In Kwara State, the monarchy is still being practiced in its entirety especially in the capital, Ilorin and its environs. The emirate system makes the successive emir connive with the political elites.
Due to the unequal hierarchy the five local government councils that are referred to as Ilorin Emirate presently in Kwara State, it is only the Emir of Ilorin that is a graded chief.
The people of Shao who the author happens to a kinsman, are the rebellious group out of the decentralized communities namely: Shao, Jebba, Afon, Oke-Oyi, Apado, Okeso, Okutala, Olooru, Malete, Elemere, Apapa, Elesin-meta and others, they have rejected suppression over the years as they’ve always asserted their prominence as a foremost Yoruba community, we may safely say the writer must have inherited a spirit of resilient justice in face of oppression, courage and some writing grit from them.
It is said that the words might be laconic in poetry but the profound meanings they convey speaks volumes about them.
Akano never “wrote” tongue in cheek neither did he mince words in his critic and caricature of the elite-centred emirate system in the state.
This feature of poetry has however been maximized by him to achieve an overall effect of rousing concerned feathers on an issue as complacently innocuous as the Emirates system in the north-central region of Nigeria.

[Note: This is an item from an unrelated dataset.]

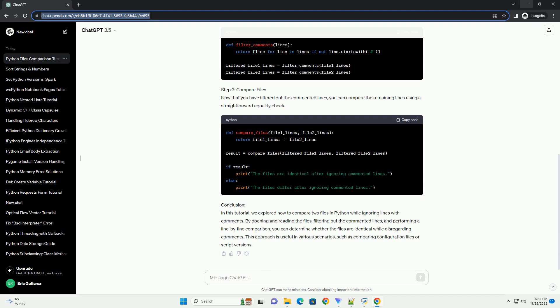Step 1: Open and Read Files. First, you need to open and read the content of the two files that you want to compare.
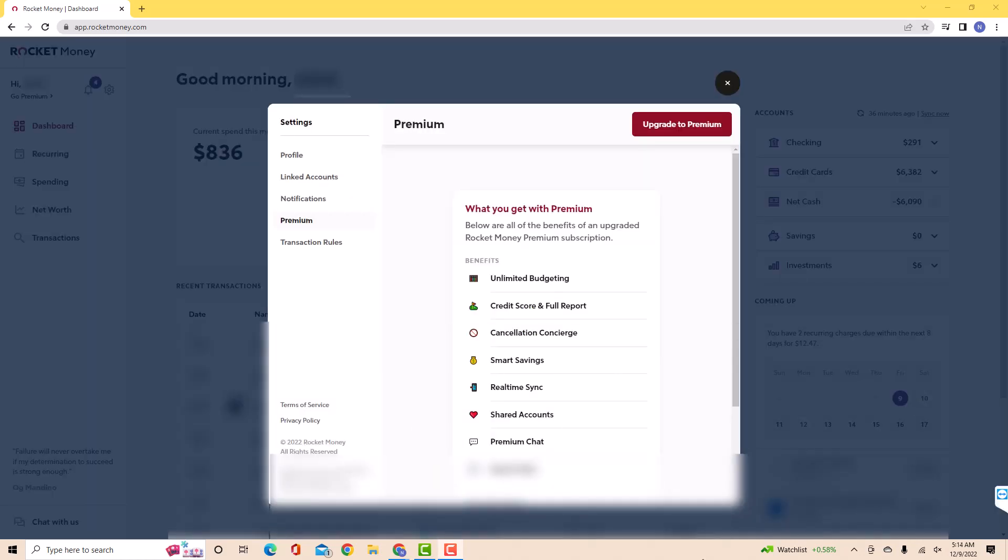A pop-up window will appear. There you will see the benefits of upgrading to Premium. Then on its upper right part, you will see a button that says Upgrade to Premium. Click on Upgrade to Premium.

Commenting on a rulership that stifles sanity and the people’s right to hold protests, Akano pointed out in the preface “For daring to resist and speak against the debasing Ilorin Emirate system, the Oba of Jebba was incarcerated for nineteen days on the orders of the present emir of Ilorin using state power”.
Influenced by the development in Kwara state, especially of the feudal Lords and tyranny in the context of land use and ownership, he drew on a heavy use of biblical allusion in one of the poems,” Counting your blessings” for instance, the writer talks about the privileged few and the marginalised lot.
Within a spate of your ascension
Thy kingdom did come
Thy wishes, like horses were in chariots
And your beggars did ride.
He continued:
“What a pity!
That your barn keep swelling
Yet your household suffers hunger
Here is a sharp commentary on avarice and self-centred nature of the hegemonic monarchy who must have have left the “corridors” of power for its bedchambers.”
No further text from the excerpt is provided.